Green finance is emerging as one of the most important tools for building a sustainable future, as climate risks increasingly shape economic decisions, business strategy and capital flows, speakers at the seminar “Green Finance Pathway: Switzerland and Liechtenstein’s expertise for Thailand’s Sustainable Future” said on Thursday.
The seminar, held at the Eastin Grand Hotel Phayathai in Bangkok, was co-hosted by the Royal Thai Embassy in Bern and Chulalongkorn Business School.
Chulamanee Chartsuwan, adviser to the Ministry of Foreign Affairs, said the transition to a low-carbon and climate-resilient economy will require far more capital than governments can provide alone. “Climate change is no longer just an environmental issue; it is also a financial one,” she said.
Chulamanee said green finance should be regarded as “an integral component of sound financial management” because it improves risk management, channels capital into sustainable investment and helps strengthen the long-term stability of economies and financial markets.
She said Thailand had already made progress through the Thailand Taxonomy and the growing issuance of green bonds and sustainability-linked bonds, reflecting the country’s effort to align financial flows with environmental and climate goals while pursuing economic growth alongside ESG principles.
For Tartat Mokkhamakkul, dean of Chulalongkorn Business School, green finance is no longer a side issue. “Sustainability is no longer a passing trend,” he said, adding that it has become a core driver of economic transformation.
In his view, green finance is helping reshape not only how economies grow, but also how risk is managed and how impact is created. He said sustainability must move beyond traditional CSR and be embedded in core business strategy, greener business models and long-term business transformation.
Speakers in the panel discussion, “Innovative Financial Products & Emerging Trends in Green Finance”, said the transition would succeed only if it was backed by credible planning, meaningful incentives and practical support.
Erol Bilecen, head of sustainable finance at the Swiss Bankers Association, warned that delay could prove more expensive than action. “It is costly to do the transition, but it can be even costlier to continue doing what you do so far,” he said.
He argued that companies need clear transition plans and milestones, while sustainability-linked bonds must be designed carefully so that incentives and penalties are strong enough to influence behaviour.
Bilecen also cautioned against viewing sustainability as a threat to the current economic system. Instead, he described it as “the logical step for the next development”, one that can open up new opportunities for growth.

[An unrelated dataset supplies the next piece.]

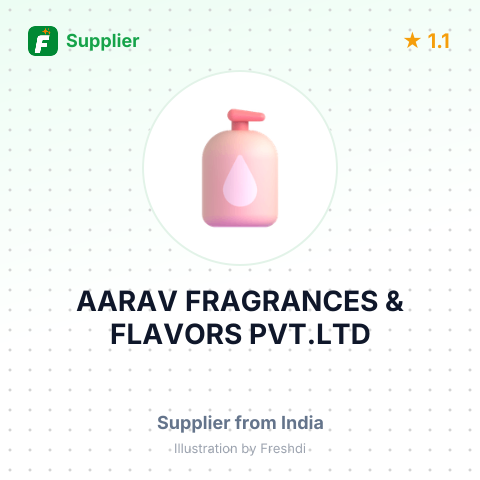 AARAV FRAGRANCES & FLAVORS PVT.LTD – summary card, no photo uploaded yet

He pointed to the energy sector as an example, saying the transition is not limited to renewable generation but extends to grid upgrades, storage and new business models as consumers increasingly become producers of power as well.
Karin Boonlertvanich, executive vice president of Kasikorn Bank, said financing alone cannot drive the shift, especially for smaller businesses. “Financing is the last one,” he said, explaining that companies first need awareness, knowledge, workable solutions and tools to measure their carbon emissions.

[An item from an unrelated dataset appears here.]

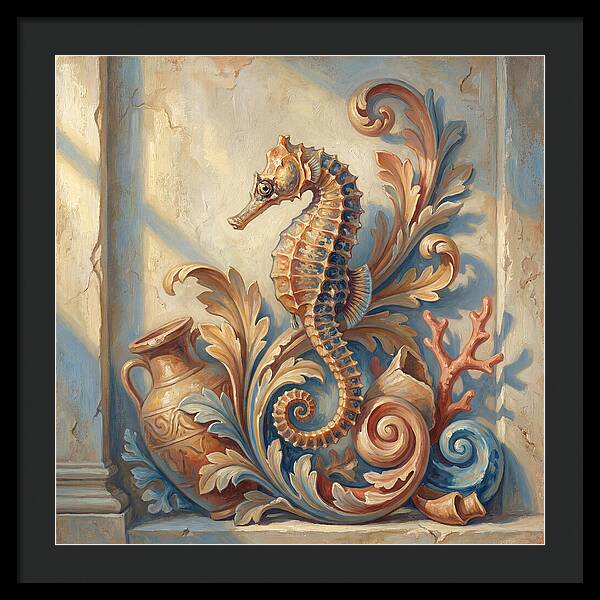 Seahorse Elegance In Mediterranean Style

He said many SMEs want green loans but still do not know their emissions baseline or how much they plan to reduce it, making transition tools and technical guidance just as important as funding itself.
He added that the transition can create broader business value, not just marginally better funding terms. Kasikorn Bank, he said, had already extended 200 billion baht in support and aims to raise that to 500 billion baht over the next five years across large corporates, SMEs and retail clients.
The goal, he said, is to help businesses become more efficient, more competitive and better prepared for a changing global economy.
Stefan Oehri, portfolio manager at LGT Capital Partners (Asia-Pacific), said the sustainable bond market had matured significantly, with stronger standards and more sophisticated investors.
He said investors now “look beyond the labels” and want evidence that green and sustainability-linked instruments are delivering impact that is measurable and clearly observable. In his view, transition finance will only gain credibility if outcomes are transparent and real.
The pathway described by speakers was pragmatic rather than absolute. Oehri said the market is moving towards a more realistic and science-based approach, recognising that decarbonisation will not happen at the same speed in every sector.
Heavy industries, for example, face a much harder path than consumer-facing sectors, meaning progress needs to be judged in context rather than through a one-size-fits-all model.
Karin said banks therefore need sector-by-sector “glide paths” to track how portfolio emissions fall year by year on the way to net zero by 2050. He said reducing carbon intensity does not necessarily mean cutting loan books, but shifting more lending towards greener activities over time.
He also argued that policy support should reward companies that are improving each year, rather than setting absolute hurdles that risk leaving many businesses behind.
Regulation was another key part of the pathway. Bilecen said long-term investments in renewable energy, storage and infrastructure require a reliable regulatory framework because projects such as power plants can run for 20 to 50 years.
Karin added that policymakers need a wider mix of instruments, including bonds, bank loans, grants and blended finance, so that each transition project can be matched with the right kind of funding.
Overall, the seminar’s message was clear: green finance is no longer a niche ESG product or a branding exercise. It is becoming a central mechanism for mobilising capital, managing climate risk and helping economies move towards a more sustainable future.
With clear standards, credible transition plans, better tools and supportive policy, speakers said green finance can turn climate ambition into practical economic progress.